EXERCISE
Each entry below has to be written out again exactly.

Scraped caption text data:
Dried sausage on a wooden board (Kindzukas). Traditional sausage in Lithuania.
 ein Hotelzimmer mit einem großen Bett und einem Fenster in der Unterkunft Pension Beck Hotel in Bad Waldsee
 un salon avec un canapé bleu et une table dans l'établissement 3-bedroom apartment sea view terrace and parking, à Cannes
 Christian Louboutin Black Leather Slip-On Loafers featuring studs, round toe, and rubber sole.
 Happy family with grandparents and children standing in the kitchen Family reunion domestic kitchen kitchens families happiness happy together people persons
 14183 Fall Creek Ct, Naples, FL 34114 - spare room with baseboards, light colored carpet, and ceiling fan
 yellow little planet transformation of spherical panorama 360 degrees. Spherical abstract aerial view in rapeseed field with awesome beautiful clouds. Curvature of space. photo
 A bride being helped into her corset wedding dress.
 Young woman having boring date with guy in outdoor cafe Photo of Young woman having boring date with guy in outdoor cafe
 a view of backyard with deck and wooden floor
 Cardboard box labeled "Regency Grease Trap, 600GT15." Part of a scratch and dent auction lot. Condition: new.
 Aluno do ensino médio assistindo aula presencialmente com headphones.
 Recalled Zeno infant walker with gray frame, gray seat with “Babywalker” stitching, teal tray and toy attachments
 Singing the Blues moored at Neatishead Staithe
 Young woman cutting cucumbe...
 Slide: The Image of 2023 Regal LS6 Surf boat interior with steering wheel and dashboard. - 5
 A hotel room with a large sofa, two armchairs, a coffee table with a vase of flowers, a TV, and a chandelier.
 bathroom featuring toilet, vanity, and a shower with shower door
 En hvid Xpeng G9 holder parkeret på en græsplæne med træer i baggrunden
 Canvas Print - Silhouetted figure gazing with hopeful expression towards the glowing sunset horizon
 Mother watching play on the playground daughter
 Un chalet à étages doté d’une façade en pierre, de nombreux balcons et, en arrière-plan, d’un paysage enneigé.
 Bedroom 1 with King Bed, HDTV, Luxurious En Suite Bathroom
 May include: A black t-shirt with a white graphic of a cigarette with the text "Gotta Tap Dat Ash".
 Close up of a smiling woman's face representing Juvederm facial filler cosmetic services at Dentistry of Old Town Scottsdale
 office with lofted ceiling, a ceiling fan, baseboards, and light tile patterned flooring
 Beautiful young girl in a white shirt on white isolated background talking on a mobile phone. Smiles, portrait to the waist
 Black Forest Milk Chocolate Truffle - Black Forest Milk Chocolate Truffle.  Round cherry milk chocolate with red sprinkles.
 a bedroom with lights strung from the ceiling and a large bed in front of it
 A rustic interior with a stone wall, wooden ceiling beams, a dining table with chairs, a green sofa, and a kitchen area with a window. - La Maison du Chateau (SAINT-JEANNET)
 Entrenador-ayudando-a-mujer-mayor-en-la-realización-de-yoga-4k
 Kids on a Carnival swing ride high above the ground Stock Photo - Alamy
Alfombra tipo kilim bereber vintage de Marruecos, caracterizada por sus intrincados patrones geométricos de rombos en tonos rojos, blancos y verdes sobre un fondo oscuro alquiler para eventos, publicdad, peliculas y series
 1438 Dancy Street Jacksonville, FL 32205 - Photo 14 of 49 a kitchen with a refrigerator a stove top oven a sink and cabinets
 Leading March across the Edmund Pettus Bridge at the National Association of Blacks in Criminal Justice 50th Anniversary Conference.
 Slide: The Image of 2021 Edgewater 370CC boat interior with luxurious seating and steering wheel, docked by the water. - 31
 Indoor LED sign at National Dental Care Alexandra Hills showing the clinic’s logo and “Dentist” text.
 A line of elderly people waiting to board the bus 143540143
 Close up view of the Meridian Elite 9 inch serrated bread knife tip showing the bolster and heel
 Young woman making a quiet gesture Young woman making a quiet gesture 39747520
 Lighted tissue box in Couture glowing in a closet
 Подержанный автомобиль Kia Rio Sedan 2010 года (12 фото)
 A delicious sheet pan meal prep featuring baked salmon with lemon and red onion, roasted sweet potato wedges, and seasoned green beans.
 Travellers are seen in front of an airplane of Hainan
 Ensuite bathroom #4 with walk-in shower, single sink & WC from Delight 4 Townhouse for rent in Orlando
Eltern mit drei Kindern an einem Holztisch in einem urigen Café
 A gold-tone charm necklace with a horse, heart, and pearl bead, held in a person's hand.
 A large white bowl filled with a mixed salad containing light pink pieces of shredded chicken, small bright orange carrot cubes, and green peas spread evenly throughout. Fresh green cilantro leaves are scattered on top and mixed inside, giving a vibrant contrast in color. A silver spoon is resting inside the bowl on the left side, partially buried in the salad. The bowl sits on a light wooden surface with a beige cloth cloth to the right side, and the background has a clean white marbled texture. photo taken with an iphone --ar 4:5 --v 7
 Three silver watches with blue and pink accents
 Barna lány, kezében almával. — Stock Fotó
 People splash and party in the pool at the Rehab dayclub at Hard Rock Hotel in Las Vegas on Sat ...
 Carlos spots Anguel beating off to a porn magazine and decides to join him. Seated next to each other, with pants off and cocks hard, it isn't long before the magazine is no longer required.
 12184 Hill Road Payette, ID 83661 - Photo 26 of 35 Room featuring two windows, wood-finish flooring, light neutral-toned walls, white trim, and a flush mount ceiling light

ANSWER BELOW
Dried sausage on a wooden board (Kindzukas). Traditional sausage in Lithuania.
 ein Hotelzimmer mit einem großen Bett und einem Fenster in der Unterkunft Pension Beck Hotel in Bad Waldsee
 un salon avec un canapé bleu et une table dans l'établissement 3-bedroom apartment sea view terrace and parking, à Cannes
 Christian Louboutin Black Leather Slip-On Loafers featuring studs, round toe, and rubber sole.
 Happy family with grandparents and children standing in the kitchen Family reunion domestic kitchen kitchens families happiness happy together people persons
 14183 Fall Creek Ct, Naples, FL 34114 - spare room with baseboards, light colored carpet, and ceiling fan
 yellow little planet transformation of spherical panorama 360 degrees. Spherical abstract aerial view in rapeseed field with awesome beautiful clouds. Curvature of space. photo
 A bride being helped into her corset wedding dress.
 Young woman having boring date with guy in outdoor cafe Photo of Young woman having boring date with guy in outdoor cafe
 a view of backyard with deck and wooden floor
 Cardboard box labeled "Regency Grease Trap, 600GT15." Part of a scratch and dent auction lot. Condition: new.
 Aluno do ensino médio assistindo aula presencialmente com headphones.
 Recalled Zeno infant walker with gray frame, gray seat with “Babywalker” stitching, teal tray and toy attachments
 Singing the Blues moored at Neatishead Staithe
 Young woman cutting cucumbe...
 Slide: The Image of 2023 Regal LS6 Surf boat interior with steering wheel and dashboard. - 5
 A hotel room with a large sofa, two armchairs, a coffee table with a vase of flowers, a TV, and a chandelier.
 bathroom featuring toilet, vanity, and a shower with shower door
 En hvid Xpeng G9 holder parkeret på en græsplæne med træer i baggrunden
 Canvas Print - Silhouetted figure gazing with hopeful expression towards the glowing sunset horizon
 Mother watching play on the playground daughter
 Un chalet à étages doté d’une façade en pierre, de nombreux balcons et, en arrière-plan, d’un paysage enneigé.
 Bedroom 1 with King Bed, HDTV, Luxurious En Suite Bathroom
 May include: A black t-shirt with a white graphic of a cigarette with the text "Gotta Tap Dat Ash".
 Close up of a smiling woman's face representing Juvederm facial filler cosmetic services at Dentistry of Old Town Scottsdale
 office with lofted ceiling, a ceiling fan, baseboards, and light tile patterned flooring
 Beautiful young girl in a white shirt on white isolated background talking on a mobile phone. Smiles, portrait to the waist
 Black Forest Milk Chocolate Truffle - Black Forest Milk Chocolate Truffle.  Round cherry milk chocolate with red sprinkles.
 a bedroom with lights strung from the ceiling and a large bed in front of it
 A rustic interior with a stone wall, wooden ceiling beams, a dining table with chairs, a green sofa, and a kitchen area with a window. - La Maison du Chateau (SAINT-JEANNET)
 Entrenador-ayudando-a-mujer-mayor-en-la-realización-de-yoga-4k
 Kids on a Carnival swing ride high above the ground Stock Photo - Alamy
Alfombra tipo kilim bereber vintage de Marruecos, caracterizada por sus intrincados patrones geométricos de rombos en tonos rojos, blancos y verdes sobre un fondo oscuro alquiler para eventos, publicdad, peliculas y series
 1438 Dancy Street Jacksonville, FL 32205 - Photo 14 of 49 a kitchen with a refrigerator a stove top oven a sink and cabinets
 Leading March across the Edmund Pettus Bridge at the National Association of Blacks in Criminal Justice 50th Anniversary Conference.
 Slide: The Image of 2021 Edgewater 370CC boat interior with luxurious seating and steering wheel, docked by the water. - 31
 Indoor LED sign at National Dental Care Alexandra Hills showing the clinic’s logo and “Dentist” text.
 A line of elderly people waiting to board the bus 143540143
 Close up view of the Meridian Elite 9 inch serrated bread knife tip showing the bolster and heel
 Young woman making a quiet gesture Young woman making a quiet gesture 39747520
 Lighted tissue box in Couture glowing in a closet
 Подержанный автомобиль Kia Rio Sedan 2010 года (12 фото)
 A delicious sheet pan meal prep featuring baked salmon with lemon and red onion, roasted sweet potato wedges, and seasoned green beans.
 Travellers are seen in front of an airplane of Hainan
 Ensuite bathroom #4 with walk-in shower, single sink & WC from Delight 4 Townhouse for rent in Orlando
Eltern mit drei Kindern an einem Holztisch in einem urigen Café
 A gold-tone charm necklace with a horse, heart, and pearl bead, held in a person's hand.
 A large white bowl filled with a mixed salad containing light pink pieces of shredded chicken, small bright orange carrot cubes, and green peas spread evenly throughout. Fresh green cilantro leaves are scattered on top and mixed inside, giving a vibrant contrast in color. A silver spoon is resting inside the bowl on the left side, partially buried in the salad. The bowl sits on a light wooden surface with a beige cloth cloth to the right side, and the background has a clean white marbled texture. photo taken with an iphone --ar 4:5 --v 7
 Three silver watches with blue and pink accents
 Barna lány, kezében almával. — Stock Fotó
 People splash and party in the pool at the Rehab dayclub at Hard Rock Hotel in Las Vegas on Sat ...
 Carlos spots Anguel beating off to a porn magazine and decides to join him. Seated next to each other, with pants off and cocks hard, it isn't long before the magazine is no longer required.
 12184 Hill Road Payette, ID 83661 - Photo 26 of 35 Room featuring two windows, wood-finish flooring, light neutral-toned walls, white trim, and a flush mount ceiling light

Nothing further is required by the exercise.